Kernel Virtual Address Layout


This document explains the details of the kernel virtual address space on X64 versions of Windows 7 and Server 2008 R2. The debugger extension command !CMKD.kvas applies this theory to display the X64 virtual address space and map a given address to one of the address ranges.

Kernel Virtual Address Layout

The X64 CPU supports only 48-bits of the 64-bit virtual addresses that are used by software running on the CPU. The upper 16 bits of virtual addresses are always set to 0x0 for user mode addresses and to 0xF for kernel mode addresses. This effectively splits up the X64 address space into user mode addresses range 0x00000000`00000000 - 0x0000FFFF`FFFFFFFF and the kernel mode address range 0xFFFF0000`00000000 - 0xFFFFFFFF`FFFFFFFF. This kernel virtual address range amounts to 256TB for total kernel virtual address space accessible to Windows. Windows statically divides this virtual address space into multiple fixed sized VA regions each assigned a specific use. The start and end of each region is, for the most part, static as shown in the following table.

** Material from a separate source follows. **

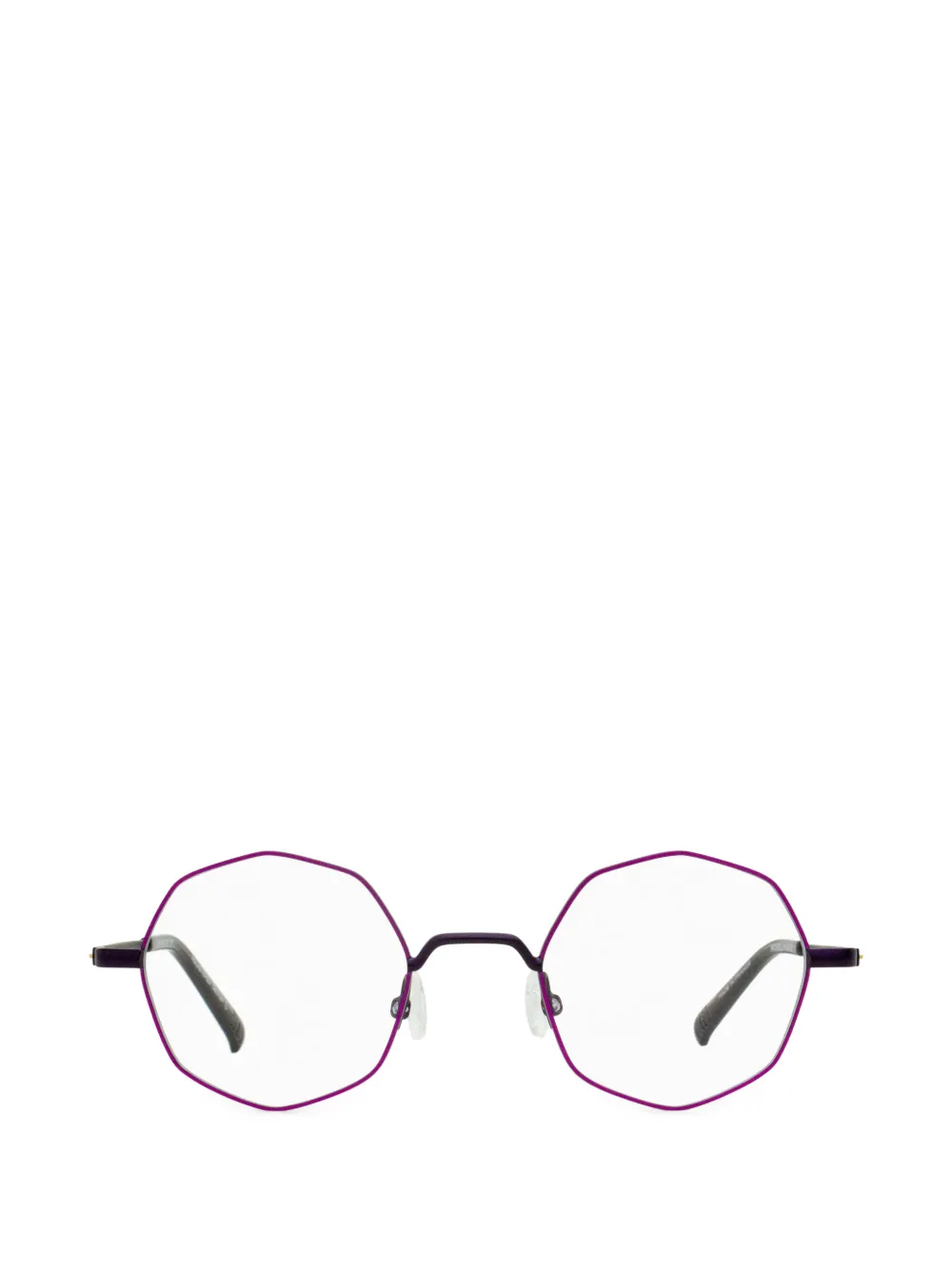 Morel Koali geometric-frame glasses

Start End Size Description
FFFF0800`00000000 FFFFF67F`FFFFFFFF 238TB Unused System Space
FFFFF680`00000000 FFFFF6FF`FFFFFFFF 512GB PTE Space
FFFFF700`00000000 FFFFF77F`FFFFFFFF 512GB HyperSpace
FFFFF780`00000000 FFFFF780`00000FFF 4K Shared System Page
FFFFF780`00001000 FFFFF7FF`FFFFFFFF 512GB-4K System Cache Working Set
FFFFF800`00000000 FFFFF87F`FFFFFFFF 512GB Initial Loader Mappings
FFFFF880`00000000 FFFFF89F`FFFFFFFF 128GB Sys PTEs
FFFFF8a0`00000000 FFFFF8bF`FFFFFFFF 128GB Paged Pool Area
FFFFF900`00000000 FFFFF97F`FFFFFFFF 512GB Session Space
FFFFF980`00000000 FFFFFa70`FFFFFFFF 1TB Dynamic Kernel VA Space
FFFFFa80`00000000 *nt!MmNonPagedPoolStart-1 6TB Max PFN Database
*nt!MmNonPagedPoolStart *nt!MmNonPagedPoolEnd 512GB Max Non-Paged Pool
FFFFFFFF`FFc00000 FFFFFFFF`FFFFFFFF 4MB HAL and Loader Mappings

Windows uses certain data structures like Push Locks, Ex Fast Referenced Pointers and Interlocked SLists which require CPU instructions that can perform atomic manipulation of numbers that are twice the number of bits in a virtual address. So on the X64 CPU where virtual addresses are 64-bits, a 128 bit atomic CMPXCHG instruction is needed. Earlier versions of X64 CPUs did not have such an instruction, posing a roadblock while implementing the above mentioned data structures. The X64 CPU already restricted the number of usable bits in virtual addresses to 48-bits, Windows placed a further restriction on the virtual addresses cutting them down to 44-bits. Thus the virtual address span that could store such structures was restricted to 2^44 i.e. upper 8TB to the X64 virtual address space i.e. 0xFFFFF80000000000 - 0xFFFFFFFFFFFFFFFF. As a result, the virtual address regions like "Unused System Space", "PTE Space", "HyperSpace" and "System Cache Working Set" that fell outside the limits of the 44-bit range, were unable to store these data structures. This restriction was extended to user mode as well, effectively restricting the amount of virtual address that was utilized by Windows to 8TB in user mode i.e. 0x00000000`00000000 - 0x000007FF`FFFFFFFF and 8TB in kernel mode i.e. 0xFFFFF000`00000000 - 0xFFFFFFFF`FFFFFFFF. Note that there are kernel virtual address regions outside this range i.e. FFFF0800`00000000 - FFFFF7FF`FFFFFFFF that are used by Windows, but not for general purpose allocation and data structure storage as described above.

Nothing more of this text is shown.